• What this task involves
Exactly as written, return every line of the data below apart from the pictures.

• Data excerpt
§
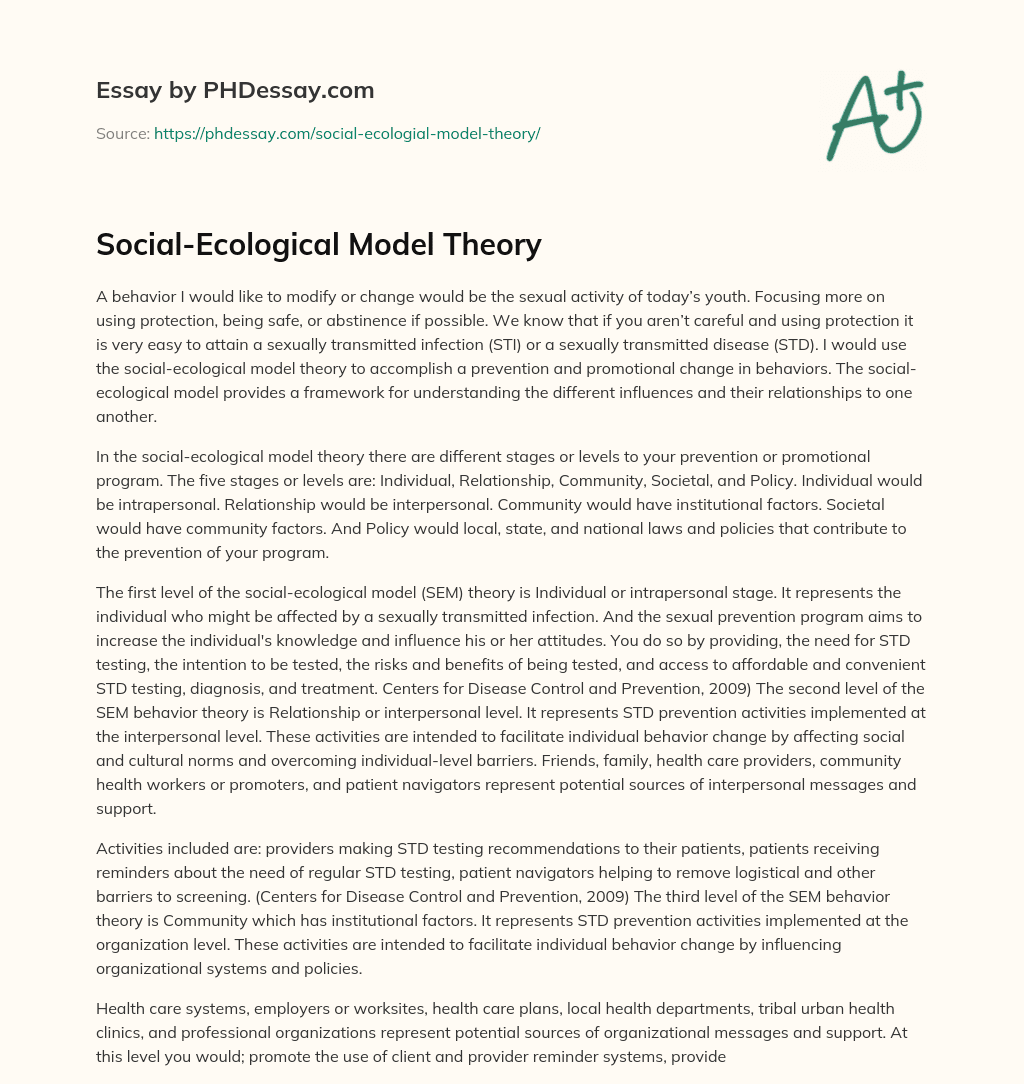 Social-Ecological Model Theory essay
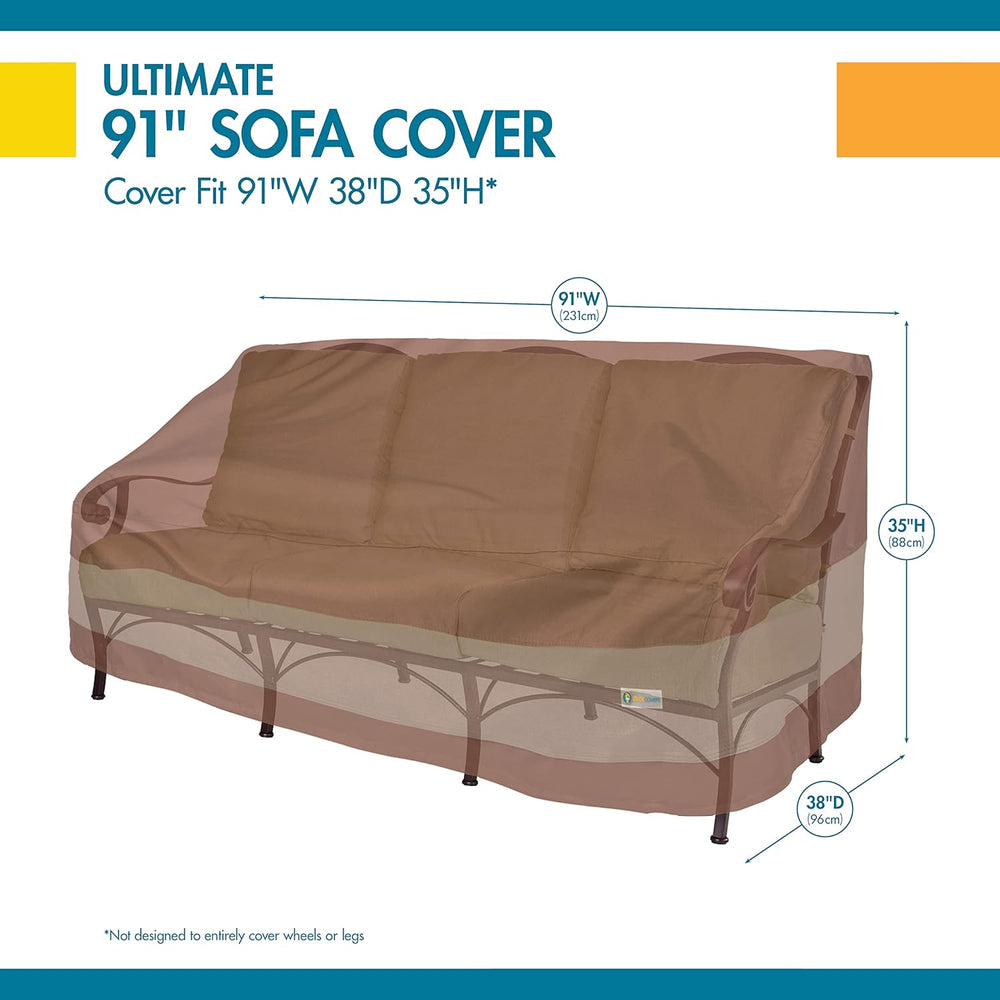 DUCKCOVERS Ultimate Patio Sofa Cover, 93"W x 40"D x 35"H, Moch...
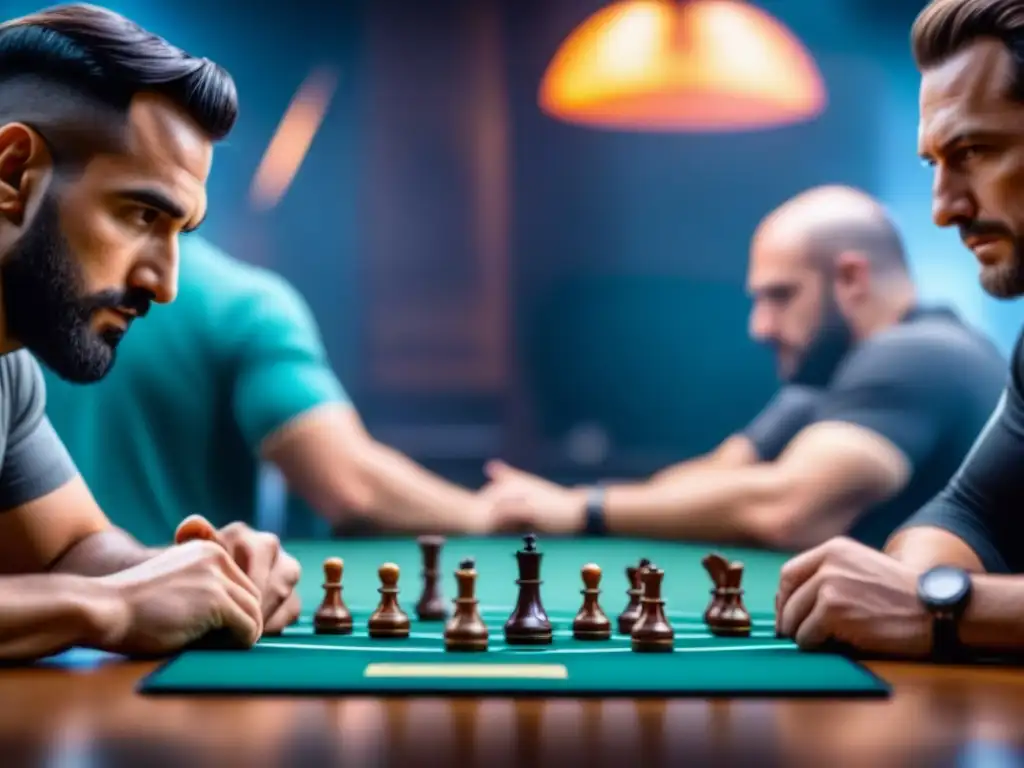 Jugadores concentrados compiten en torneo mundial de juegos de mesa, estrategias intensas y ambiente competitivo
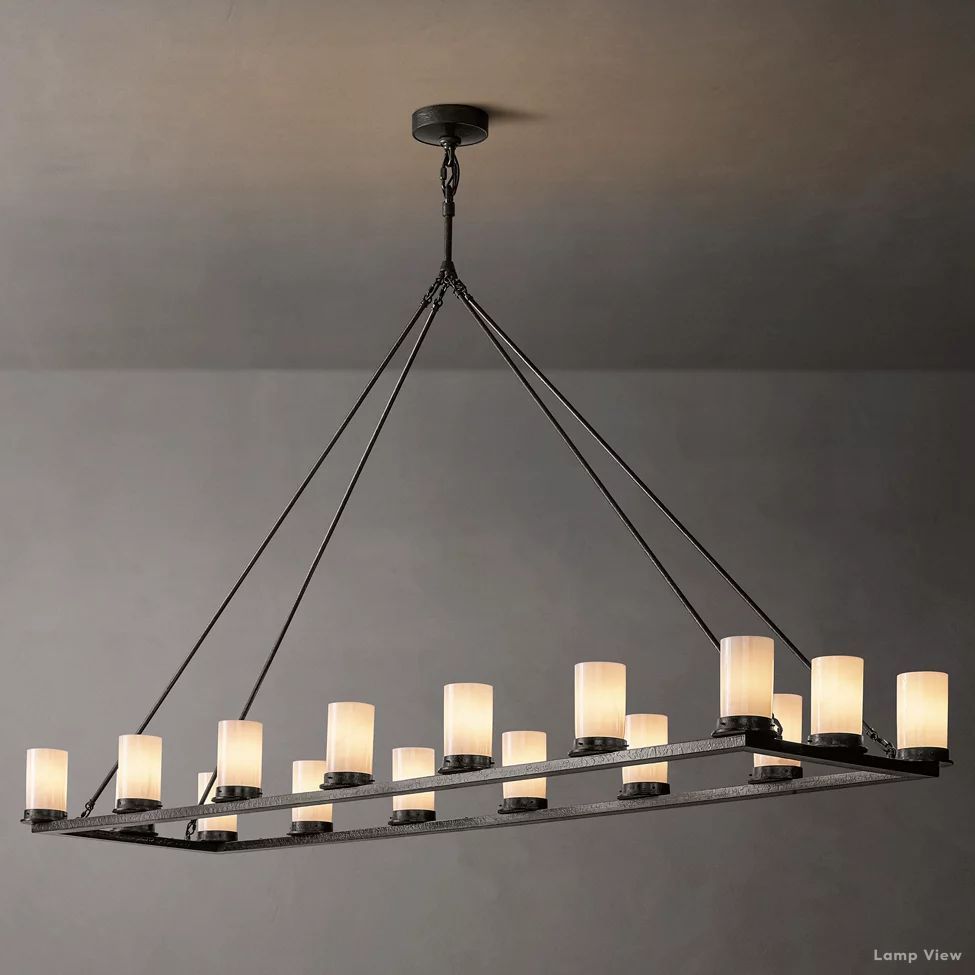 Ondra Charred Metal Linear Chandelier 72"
§
• Reply to the exercise
 Social-Ecological Model Theory essay
 DUCKCOVERS Ultimate Patio Sofa Cover, 93"W x 40"D x 35"H, Moch...
 Jugadores concentrados compiten en torneo mundial de juegos de mesa, estrategias intensas y ambiente competitivo
 Ondra Charred Metal Linear Chandelier 72"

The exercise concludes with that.